# Magia General > Discusión general sobre ilusionismo >  Necesito nombre de magos famosos

## Andrew

Muy buenas,
esto es un llamamiento de ayuda... necesito que todo el mundo que pueda, me escriba algunos nombres de magos famosos ... para poder, así, confeccionar una gran lista.

Muchas gracias a todos por vuestra colaboración !

----------


## ignoto

Omaller
Shark
Miguel Ajo
Manolo Talman
Rubiales

----------


## Patrick I. O'Malley

> Omaller
> Shark
> Miguel Ajo
> Manolo Talman
> Rubiales


Hombre... eso es una lista del tipo 'Agudeza Visual: En menos de 5 segundos identifique al Irlandés que sobra en la lista! '  :Lol:  

Yo añadiría: Ignito, Busy, Carlos Vinuesa, Rafa Cama, Pablo Poza, Ella y en otro estrato (junto a algunos de los que has mencioando) Jose que soy yo, Dramagic... y taaaaaaaaantossssss

----------


## Raicon

Ella
Dante
Némesis
     .
     .
     .

----------


## Platiquini

Sinceramente, creo que ninguno de los que ha mencionado Ignoto son famosos para el gran público.

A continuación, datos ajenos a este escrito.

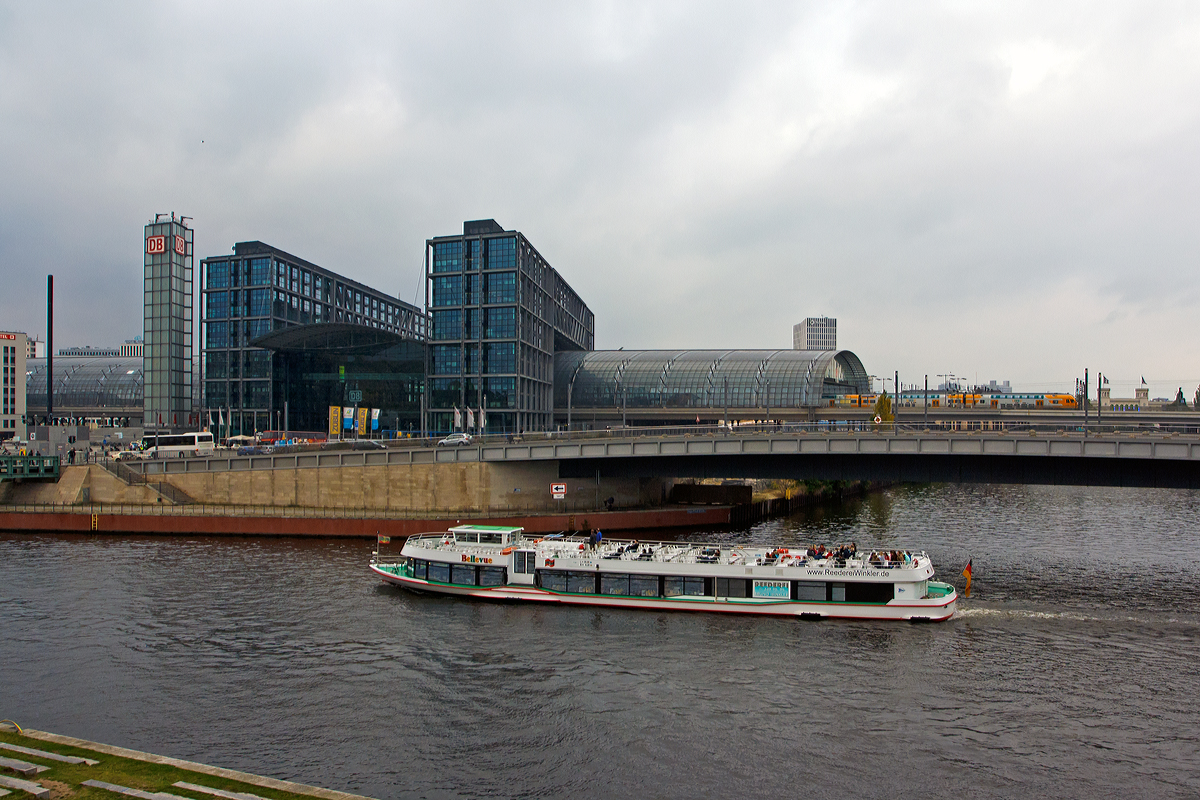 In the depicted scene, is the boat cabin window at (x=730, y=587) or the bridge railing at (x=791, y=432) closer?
the boat cabin window at (x=730, y=587)

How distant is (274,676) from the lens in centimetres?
3516

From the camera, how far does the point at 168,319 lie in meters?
143

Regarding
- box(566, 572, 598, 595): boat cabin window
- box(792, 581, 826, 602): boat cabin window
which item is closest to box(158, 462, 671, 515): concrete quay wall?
box(566, 572, 598, 595): boat cabin window

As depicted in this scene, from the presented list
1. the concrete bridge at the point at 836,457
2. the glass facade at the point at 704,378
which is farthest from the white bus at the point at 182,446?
the glass facade at the point at 704,378

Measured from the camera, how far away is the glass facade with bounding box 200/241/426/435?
488 ft

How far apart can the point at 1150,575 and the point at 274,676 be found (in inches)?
2208

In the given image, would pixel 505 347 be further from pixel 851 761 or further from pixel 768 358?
pixel 851 761

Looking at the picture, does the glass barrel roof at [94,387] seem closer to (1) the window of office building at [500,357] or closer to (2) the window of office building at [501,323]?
(1) the window of office building at [500,357]

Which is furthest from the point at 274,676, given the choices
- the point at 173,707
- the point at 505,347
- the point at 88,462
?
the point at 505,347

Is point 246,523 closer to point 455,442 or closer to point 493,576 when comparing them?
point 455,442

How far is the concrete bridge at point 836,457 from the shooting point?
188ft

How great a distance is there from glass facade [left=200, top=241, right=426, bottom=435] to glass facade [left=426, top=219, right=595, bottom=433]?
14140 mm

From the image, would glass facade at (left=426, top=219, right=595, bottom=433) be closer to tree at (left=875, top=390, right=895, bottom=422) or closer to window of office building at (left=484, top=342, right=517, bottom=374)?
window of office building at (left=484, top=342, right=517, bottom=374)

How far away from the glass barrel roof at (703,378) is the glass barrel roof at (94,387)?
338 feet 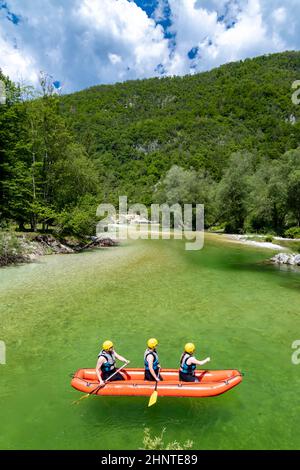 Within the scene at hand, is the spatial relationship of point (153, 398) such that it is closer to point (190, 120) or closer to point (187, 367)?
point (187, 367)

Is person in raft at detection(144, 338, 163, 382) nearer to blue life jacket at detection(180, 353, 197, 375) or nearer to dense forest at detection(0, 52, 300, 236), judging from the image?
blue life jacket at detection(180, 353, 197, 375)

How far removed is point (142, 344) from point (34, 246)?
61.1ft

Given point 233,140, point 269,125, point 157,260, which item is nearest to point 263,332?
point 157,260

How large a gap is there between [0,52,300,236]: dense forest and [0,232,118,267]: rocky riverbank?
5.06 feet

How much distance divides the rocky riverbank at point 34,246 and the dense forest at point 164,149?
154 centimetres

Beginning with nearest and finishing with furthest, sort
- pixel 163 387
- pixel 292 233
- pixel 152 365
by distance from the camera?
pixel 163 387 → pixel 152 365 → pixel 292 233

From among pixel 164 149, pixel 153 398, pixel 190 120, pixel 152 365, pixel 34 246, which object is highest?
pixel 190 120

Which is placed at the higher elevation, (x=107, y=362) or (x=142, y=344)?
(x=107, y=362)

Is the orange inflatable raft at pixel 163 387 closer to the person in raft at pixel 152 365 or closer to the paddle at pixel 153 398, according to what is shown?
the paddle at pixel 153 398

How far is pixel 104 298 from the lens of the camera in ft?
52.8

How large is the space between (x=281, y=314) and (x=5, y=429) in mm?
11558

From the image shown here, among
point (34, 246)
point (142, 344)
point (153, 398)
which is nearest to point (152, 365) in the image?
point (153, 398)

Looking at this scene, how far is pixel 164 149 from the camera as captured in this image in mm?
161750

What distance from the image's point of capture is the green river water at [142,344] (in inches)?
266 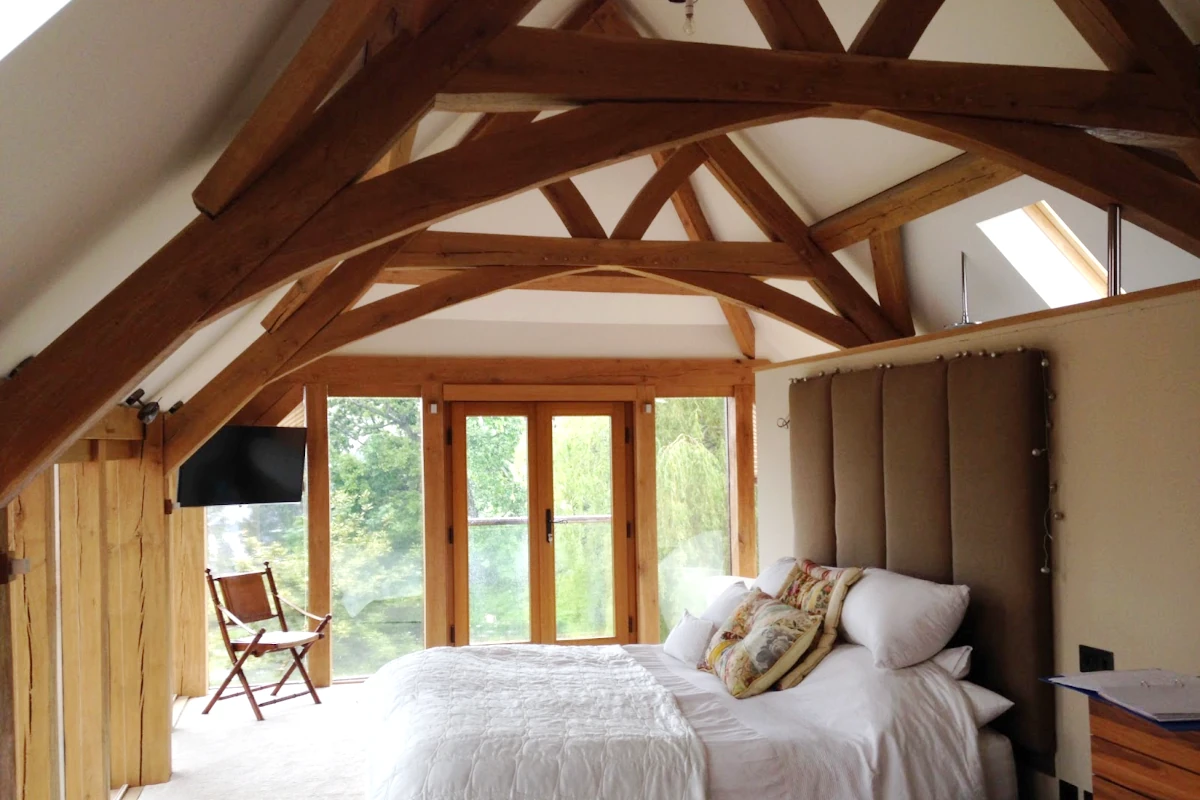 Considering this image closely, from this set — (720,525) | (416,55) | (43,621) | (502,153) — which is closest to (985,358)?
(502,153)

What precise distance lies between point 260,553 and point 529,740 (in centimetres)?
393

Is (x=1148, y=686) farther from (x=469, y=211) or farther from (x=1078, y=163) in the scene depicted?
(x=469, y=211)

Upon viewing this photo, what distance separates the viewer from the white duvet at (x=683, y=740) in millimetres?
2961

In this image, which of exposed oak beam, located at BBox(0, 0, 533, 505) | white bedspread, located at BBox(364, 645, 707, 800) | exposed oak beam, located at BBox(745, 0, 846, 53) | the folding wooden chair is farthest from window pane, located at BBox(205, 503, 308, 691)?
exposed oak beam, located at BBox(745, 0, 846, 53)

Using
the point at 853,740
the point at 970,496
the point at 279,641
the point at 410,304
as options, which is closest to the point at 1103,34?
the point at 970,496

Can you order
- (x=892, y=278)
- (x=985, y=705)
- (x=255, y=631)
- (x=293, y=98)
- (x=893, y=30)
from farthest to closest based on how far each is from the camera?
(x=255, y=631)
(x=892, y=278)
(x=985, y=705)
(x=893, y=30)
(x=293, y=98)

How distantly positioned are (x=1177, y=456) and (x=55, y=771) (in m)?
3.55

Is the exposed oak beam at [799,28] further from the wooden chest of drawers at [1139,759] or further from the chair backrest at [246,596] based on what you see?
the chair backrest at [246,596]

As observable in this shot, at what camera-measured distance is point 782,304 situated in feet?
16.8

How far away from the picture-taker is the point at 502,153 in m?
2.42

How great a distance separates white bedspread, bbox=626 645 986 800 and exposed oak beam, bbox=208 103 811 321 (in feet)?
6.32

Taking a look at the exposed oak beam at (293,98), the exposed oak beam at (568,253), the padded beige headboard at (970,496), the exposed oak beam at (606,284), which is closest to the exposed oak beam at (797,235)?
the exposed oak beam at (568,253)

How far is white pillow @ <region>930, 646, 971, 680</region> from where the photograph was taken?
134 inches

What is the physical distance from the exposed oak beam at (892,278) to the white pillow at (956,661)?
2.11 m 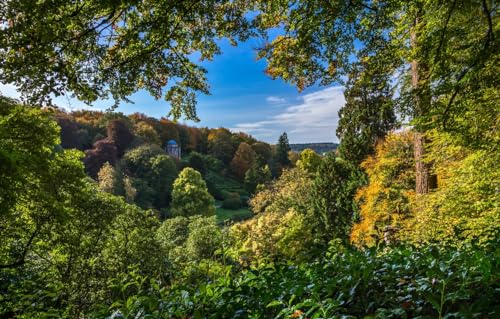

Yo tampoco soy famoso, ni mucho menos.

Yo diría:

Juan Tamariz
Jorge Blass
David Copperfield
René Lavand
Jeff McBride (a éste quizás le conozca menos gente)

----------


## Patrick I. O'Malley

> Sinceramente, creo que ninguno de los que ha mencionado Ignoto son famosos para el gran público.



Platiquini.... anda, entra en www.rae.es y busca 'ironía'   :Lol:  

Me temo que tanta urgencia por necesitar esa ayuda 'huele' a querer probar nombres de magos para acceder a algún foro de magia....   :Wink:

----------


## ignoto

En concreto a uno.

Si es que la damita atrae lo suyo.

----------


## Patrick I. O'Malley

> Si es que la damita atrae lo suyo.


En ese caso: Camilo José Cela.

----------


## mariio

Dow
Lance Burton
magos de este tipo

----------


## Patrick I. O'Malley

Blaine.....

----------


## Andrew

Gracias Platiquini,
has entendido perfectamente lo que yo necesitaba (pareces ser el único...)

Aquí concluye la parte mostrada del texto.